Task instructions:
The answer must be an exact copy of the lines from the one containing "Коробка JBS101 100х100х55, 6" through the last line of the records, with no pictures.

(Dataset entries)
##########
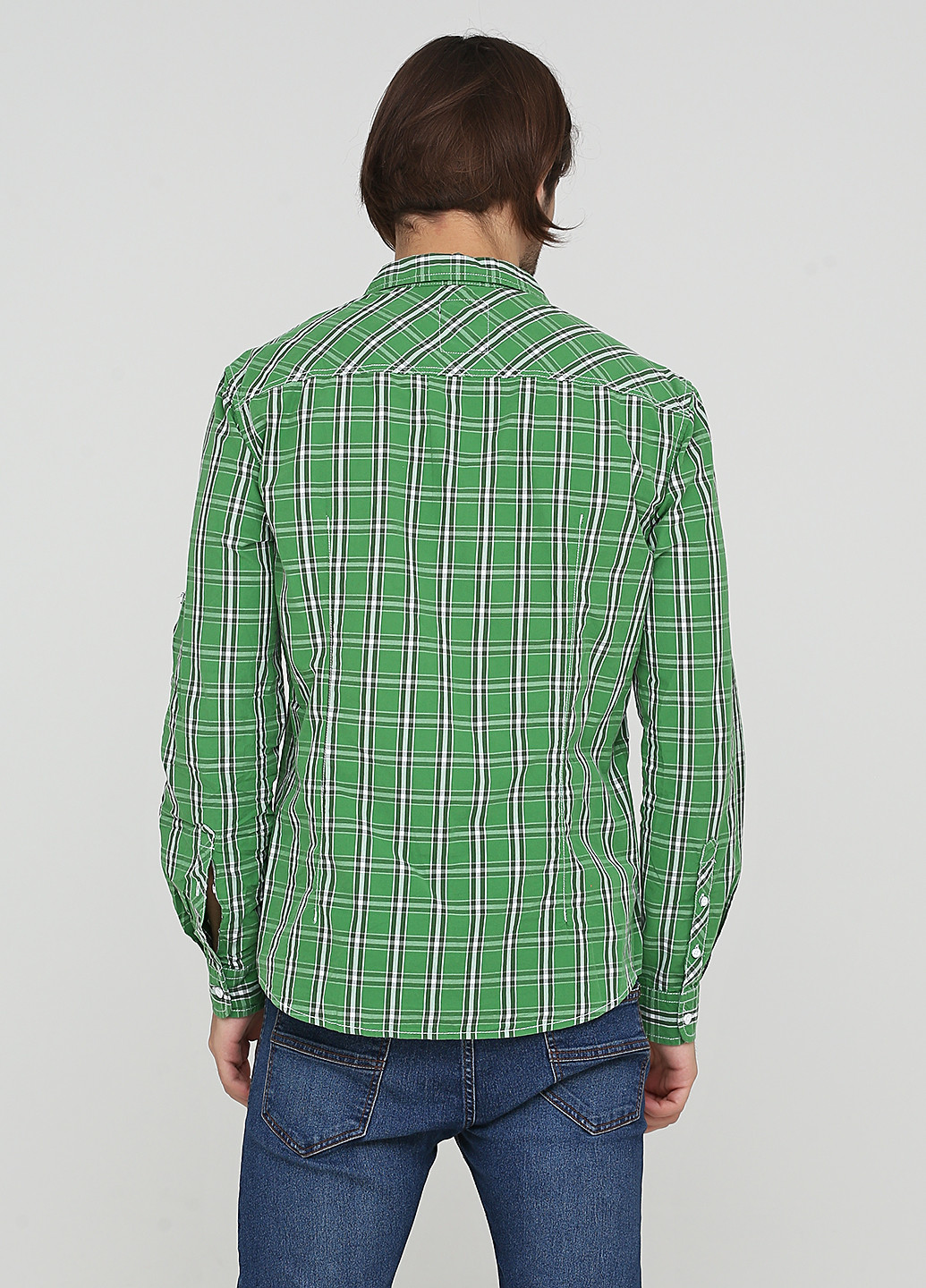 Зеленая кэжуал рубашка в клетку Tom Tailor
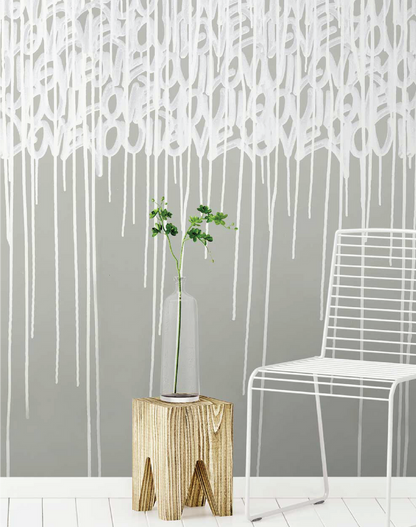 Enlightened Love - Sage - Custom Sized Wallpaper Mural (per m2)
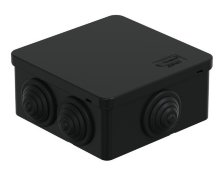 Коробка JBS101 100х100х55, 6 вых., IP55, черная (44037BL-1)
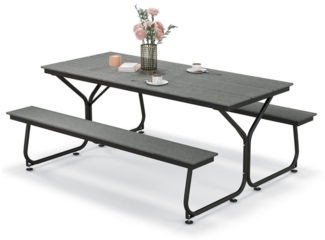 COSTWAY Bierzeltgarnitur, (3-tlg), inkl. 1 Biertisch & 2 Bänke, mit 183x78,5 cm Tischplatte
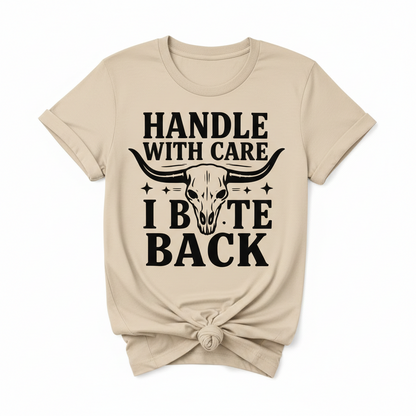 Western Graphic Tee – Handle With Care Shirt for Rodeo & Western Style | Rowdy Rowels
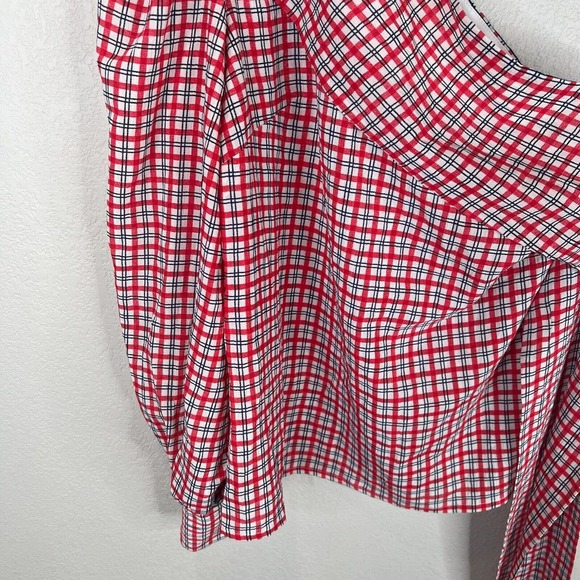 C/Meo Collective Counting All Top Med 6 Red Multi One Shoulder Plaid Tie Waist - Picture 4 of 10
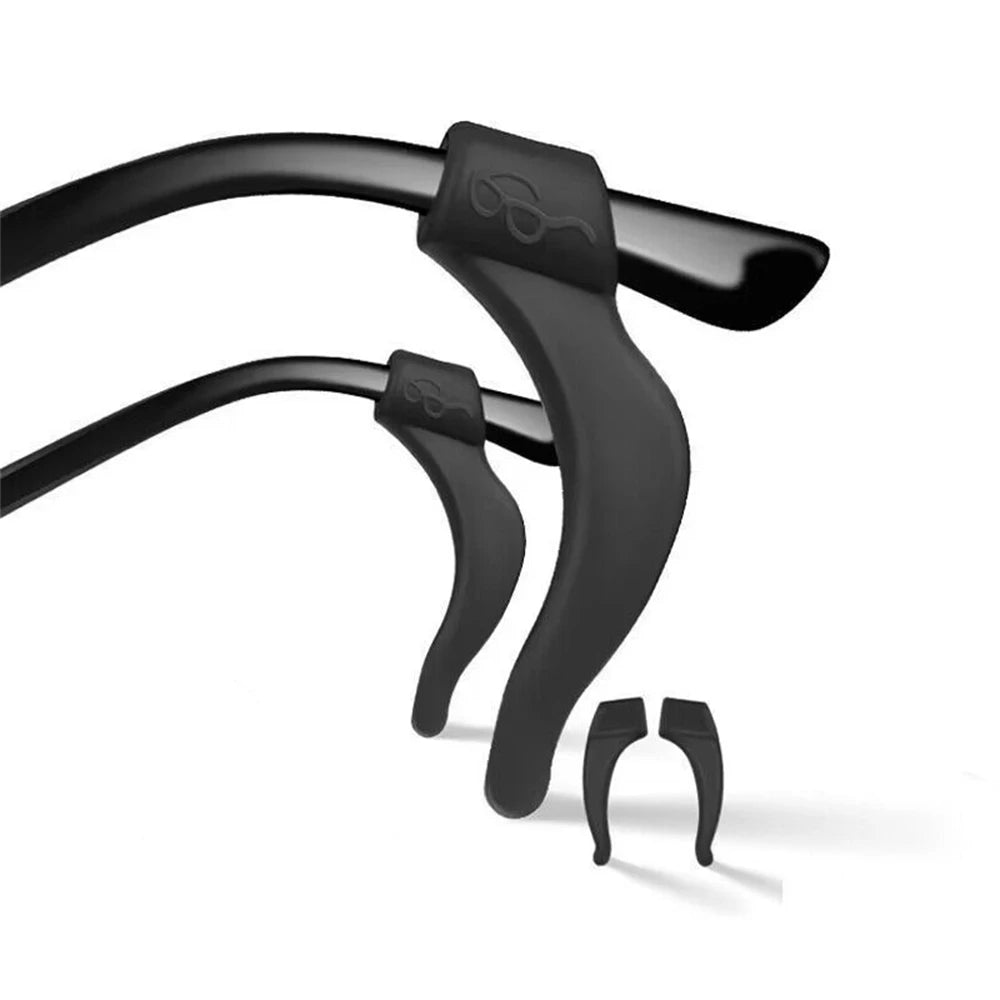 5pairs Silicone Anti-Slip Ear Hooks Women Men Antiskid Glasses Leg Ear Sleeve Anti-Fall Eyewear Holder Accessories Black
##########
Final answer:
 Коробка JBS101 100х100х55, 6 вых., IP55, черная (44037BL-1)
 COSTWAY Bierzeltgarnitur, (3-tlg), inkl. 1 Biertisch & 2 Bänke, mit 183x78,5 cm Tischplatte
 Western Graphic Tee – Handle With Care Shirt for Rodeo & Western Style | Rowdy Rowels
 C/Meo Collective Counting All Top Med 6 Red Multi One Shoulder Plaid Tie Waist - Picture 4 of 10
 5pairs Silicone Anti-Slip Ear Hooks Women Men Antiskid Glasses Leg Ear Sleeve Anti-Fall Eyewear Holder Accessories Black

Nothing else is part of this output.